Figure 4 Distribution of the prediction interval widths of Monte Carlo dropout, conformal prediction, and Monte Carlo conformal prediction for in-domain and out-of-domain samples.

On the other hand, both CP and MC-CP were able to achieve a coverage of 91 % (Fig. 3; Table 4) from the expected coverage of 90 %. This implied that 91 % of the prediction interval contained the true observed clay content, making the prediction interval reliable. However, the MPIWs of CP and MC-CP were higher than those of MC, indicating a trade-off between narrower intervals and coverage. The MPIW of CP (11.11 %) was the largest of the three methods, twice that of MC dropout (5.56 %) (Fig. 4; Table 4), making it overly conservative. Additionally, the interval of CP was constant, which prohibited CP from addressing the different uncertainties as guaranteed coverage was the main objective of this method. In other words, CP generated wide prediction intervals that were unnecessary.

The MC-CP method achieved a balance between MC dropout and CP, which produced an MPIW between MC dropout and CP while still reaching the expected coverage. The MPIW of MC-CP was 9.05 %, which was 1.6 times the MPIW of MC (Table 4) but achieved 91 % coverage from the expected coverage of 90 %. Additionally, MC-CP retained the ability to address the uncertainty of out-of-domain samples, as the MPIW for out-of-domain samples (10.43 %) was larger than the MPIW for in-domain samples (9.05 %) (Fig. 4; Table 4). Hence, MC-CP is an adequate compromise between (1) coverage of observed values, (2) addressing out-of-domain uncertainty, and (3) a reasonably sized MPIW.

However, when facing out-of-domain samples, MC-CP achieved only 26 % coverage in the 90 % prediction interval. The MPIW for out-of-domain samples (10.43 %) was 1.38 higher than that for in-domain samples (9.05 %), representing a 15 % increase in the width. The difference was insufficient to fully account for out-of-domain uncertainty, leading to the low coverage. Similarly, Liu et al. (2021) found that Bayesian neural networks and MC dropout were unable to assign high uncertainty to out-of-domain samples, indicating overconfidence in predicting unknown data. Zadorozhny et al. (2021) also highlighted the tendency of neural networks to overgeneralise from training data when predicting out-of-domain samples, potentially leading to overconfidence. When out-of-domain sample inputs closely resemble in-domain sample inputs, MC dropout may assign similar confidence levels to out-of-domain samples, failing to capture the true uncertainty. The MIR spectra of clayey soils were not as distinct from those of sandy soils as the spectra of high-SOC soils were from low-SOC soils (Ng et al., 2022; Zhang et al., 2022). For example, peaks at 2930–2850 cm⁻¹ serve as a distinction between mineral soils and organic soils (Tinti et al., 2015; Ng et al., 2022). Thus, the difference between the MPIW of in-domain and out-of-domain samples was not as significant as in the study of Padarian et al. (2022), in which 20 % SOC was used as the separation between in-domain and out-of-domain samples.

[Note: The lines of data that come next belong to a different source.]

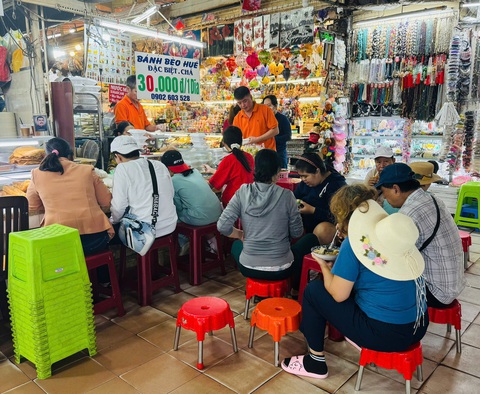 ‘Cưỡi’ metro trải nghiệm ẩm thực thỏa thích từ Bến Thành đến Suối Tiên - Ảnh 2. Ăn sạch món Sài Gòn từ Bến Thành đến Suối Tiên bằng metro - Ảnh 2.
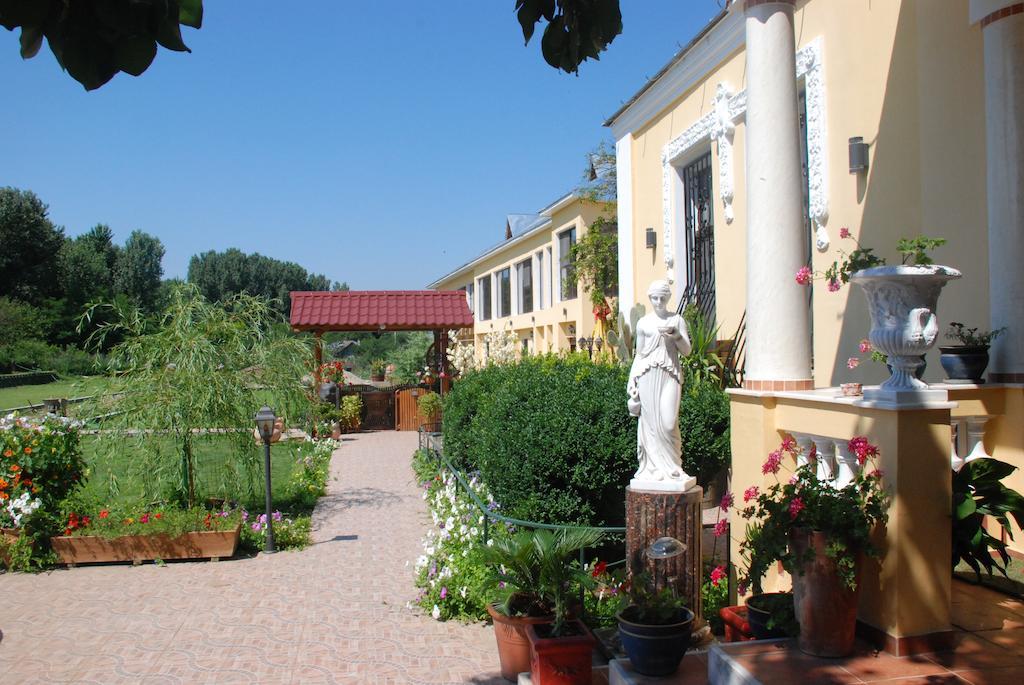 Villa Giulia Islaz Екстериор снимка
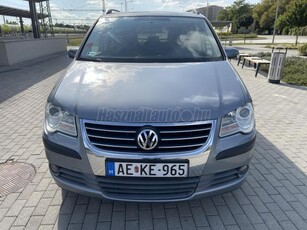 VOLKSWAGEN TOURAN 2.0 Benzin/CNG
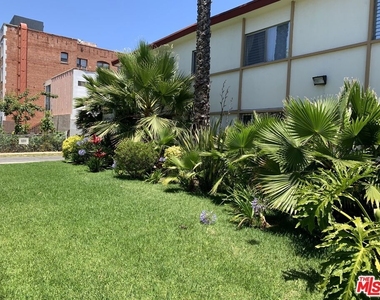 1330 S Wilton Place - Photo Thumbnail 16
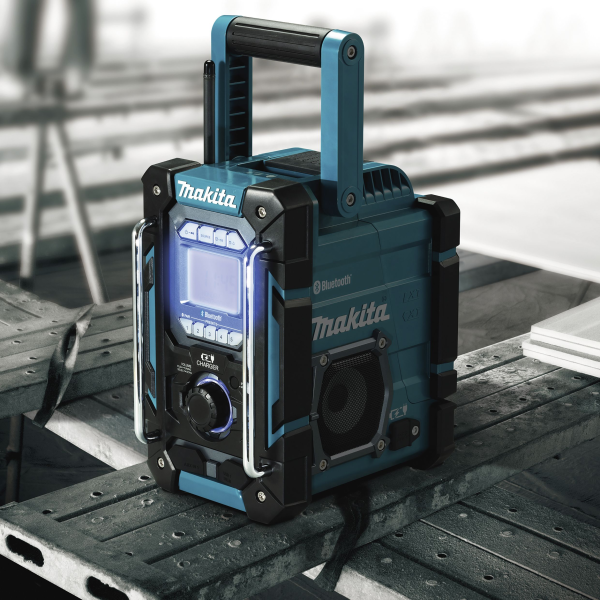 Makita DMR300 Radio công trường có chức năng sạc dùng pin và điện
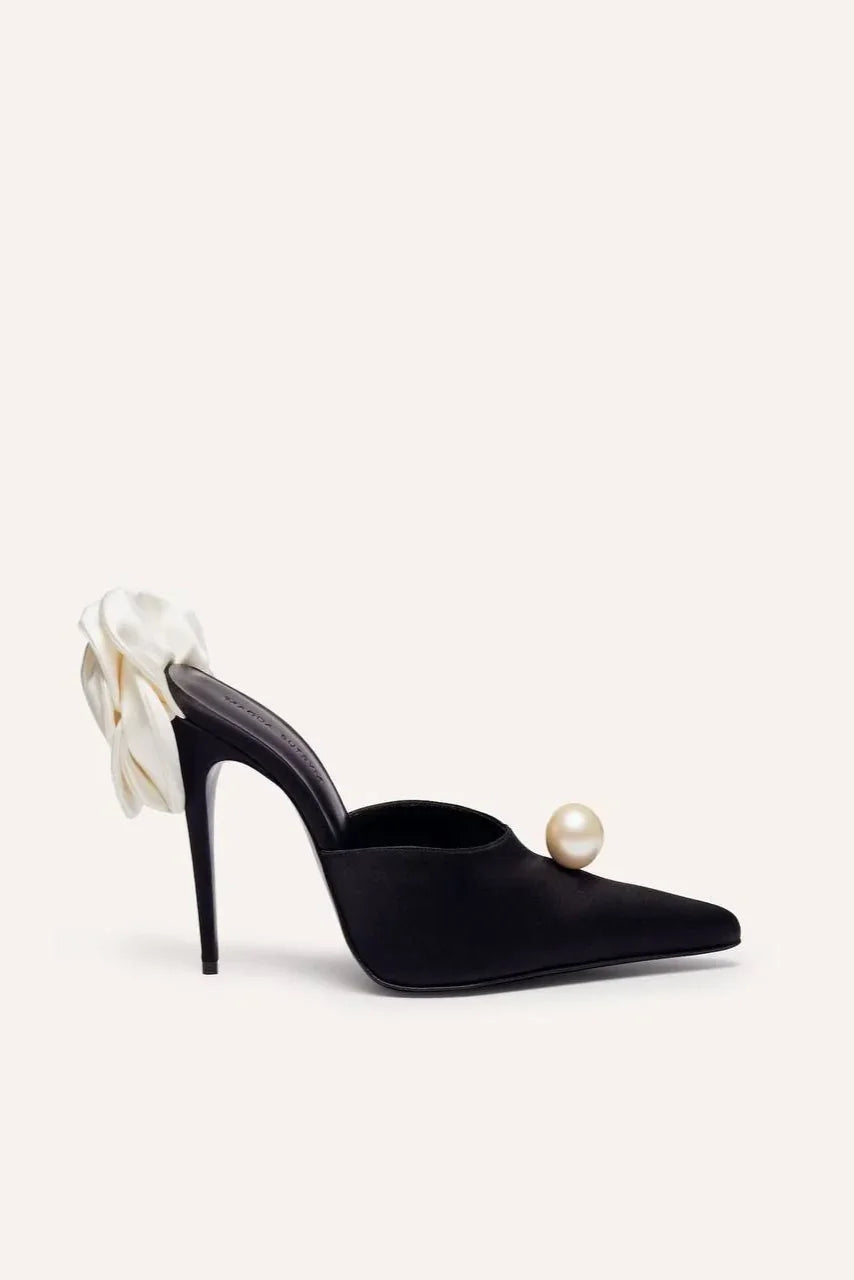 Scarpin Mikaela – Um poema em forma de sapato.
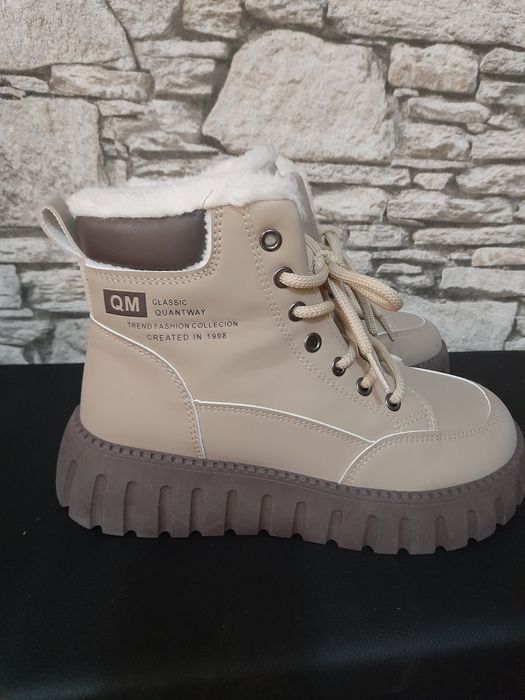 Зимни топли боти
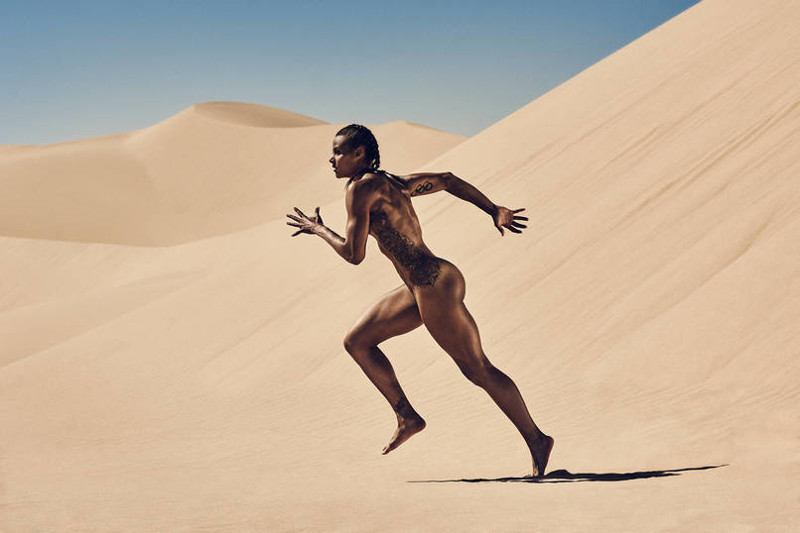 Chantae Mcmillan sportive nue tatouée et bronzée court dans le désert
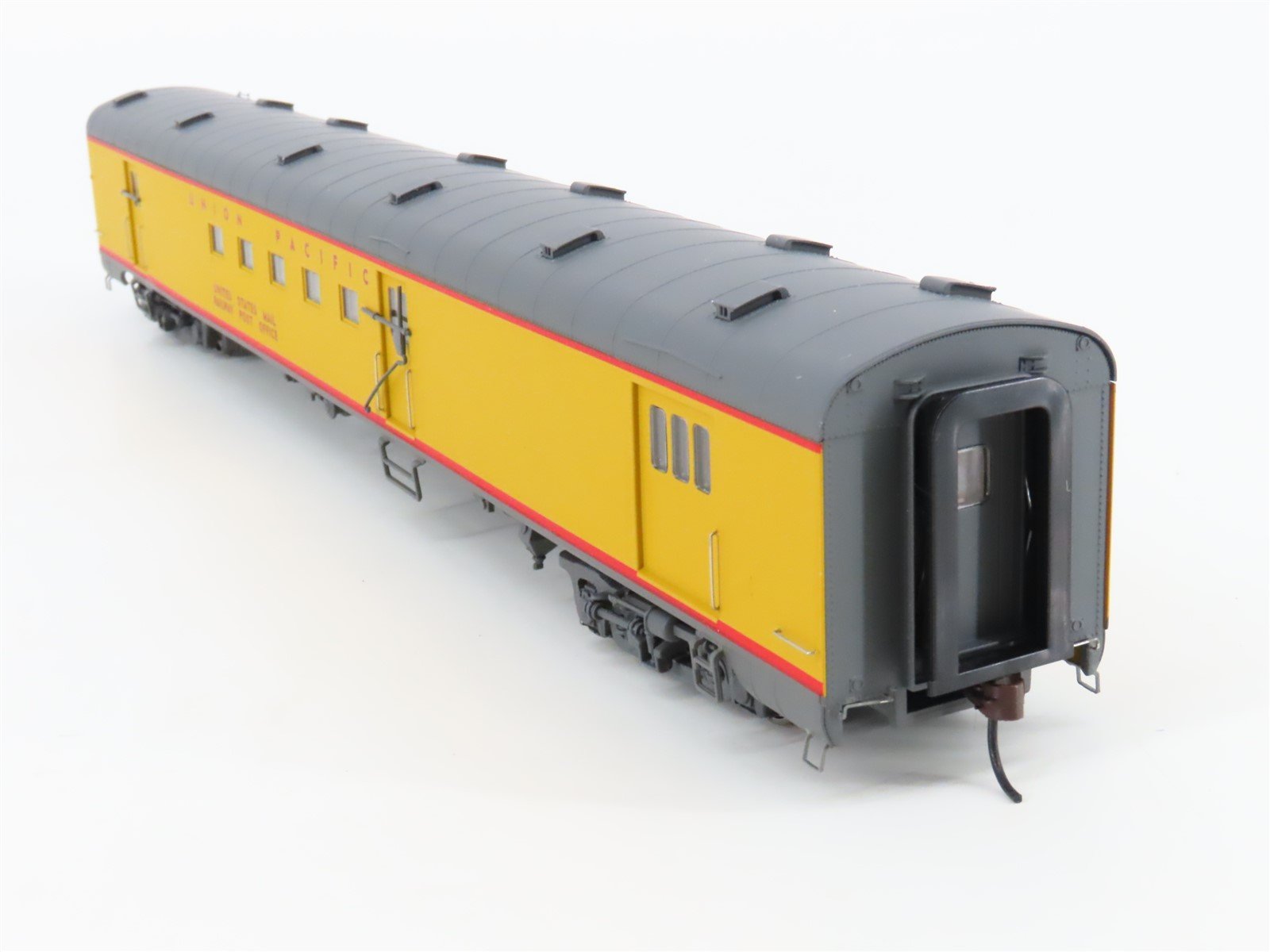 HO Scale Walthers 932-9051 UP Union Pacific Baggage-Mail RPO Passenger Car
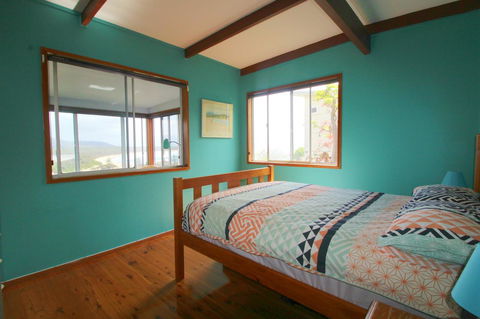 Bally High, 20 Dulconghi Street - Southport Accommodation 5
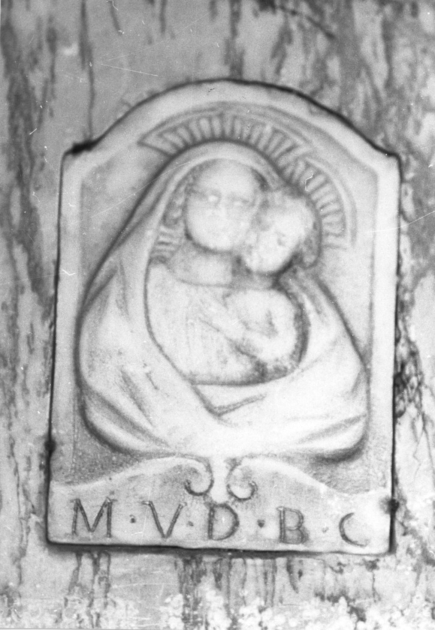 MADONNA DEL BUON CONSIGLIO (rilievo) - ambito apuoversiliese (sec. XVIII)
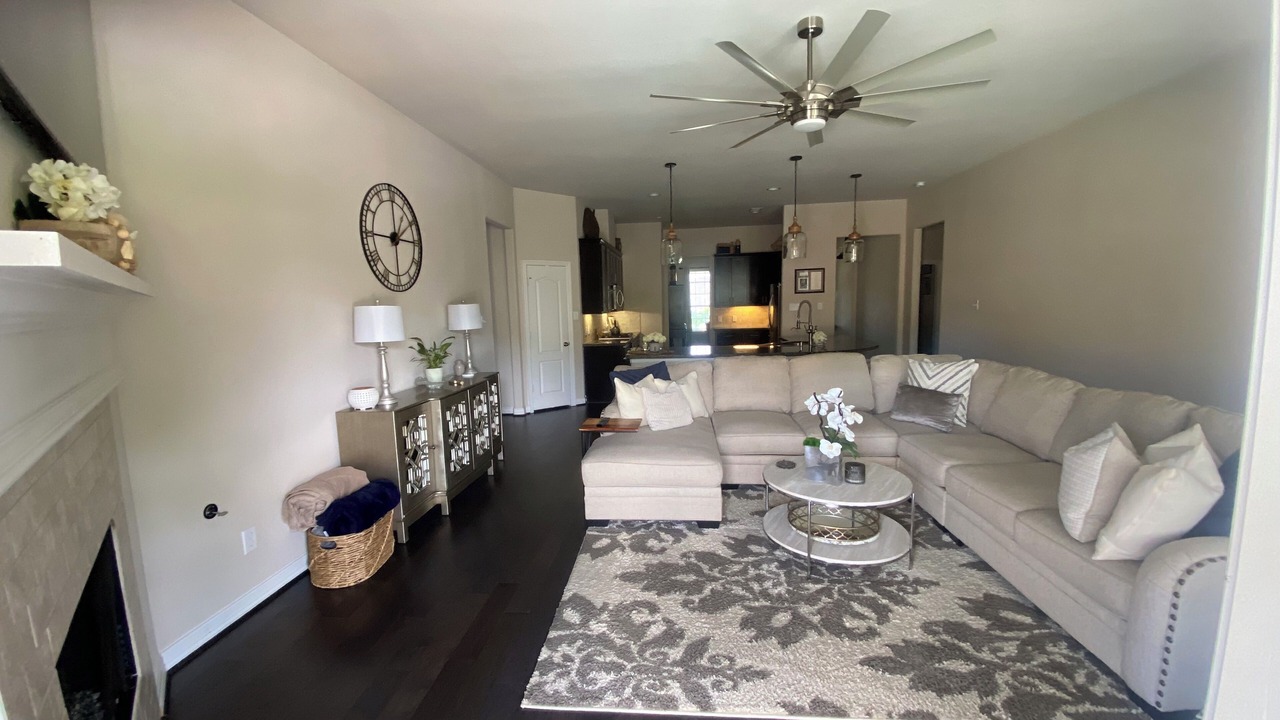 Photo of Livingroom in League City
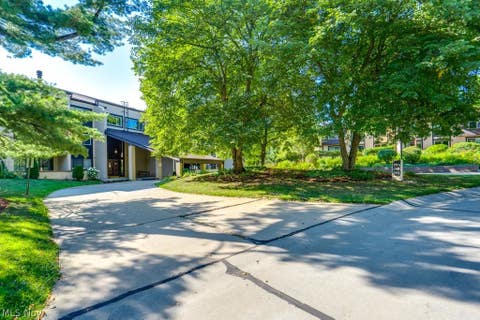 A Hanna HomeFinder account is required to view this listing.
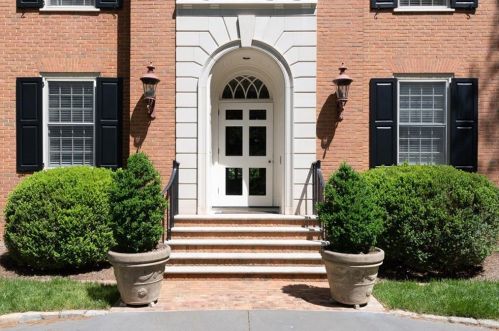 1771 Garraux Rd, Atlanta, GA 30327-2501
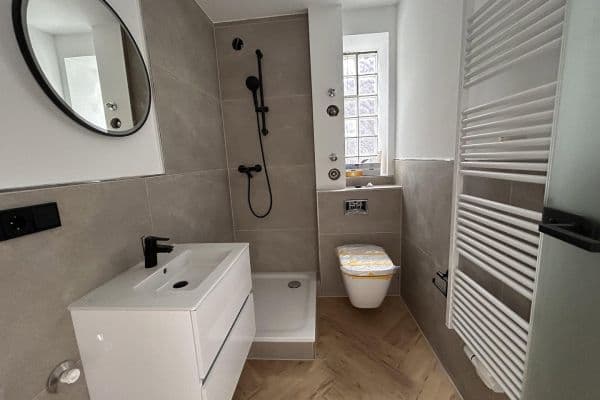 Pronájem bytu 2+1 38 m², Köln Pronájem bytu 2+1 38 m², Köln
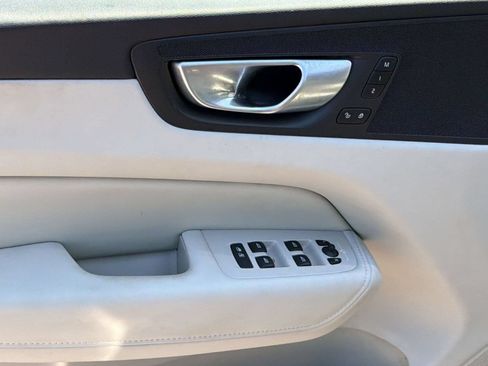 Used 2024 Volvo XC60 B5 Plus w/ Protection Package Premier AWD/4WD image 24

3.3 Limitations and future applications

The MC-CP method was able to quantify the uncertainty and generate prediction intervals with sufficient coverage of true values. However, one obvious difference between MC-CP and MC is that MC-CP requires calibration samples to establish nonconformity scores. However, only a small number of calibration samples was required compared to the training samples, which can be easily achieved by dividing a portion of the training sample. For instance, the size of the calibration set in the MC-CP regression example presented by Bethell et al. (2024) was only 2 % of the testing samples. Future studies could explore the determination of the optimal size of the calibration sets. Another potential enhancement of CP is the use of clustering to assign different PIWs to distinct groups. For example, Malone et al. (2011) applied fuzzy clustering prior to implementing UNEEC, which is similar to CP in calculation. With this means, the out-of-domain samples can be addressed by introducing an extra-grade cluster. Additionally, asymmetric PIWs, where the upper and lower bounds differ in width, could be explored in the MC-CP framework to account for potential imbalance in prediction errors.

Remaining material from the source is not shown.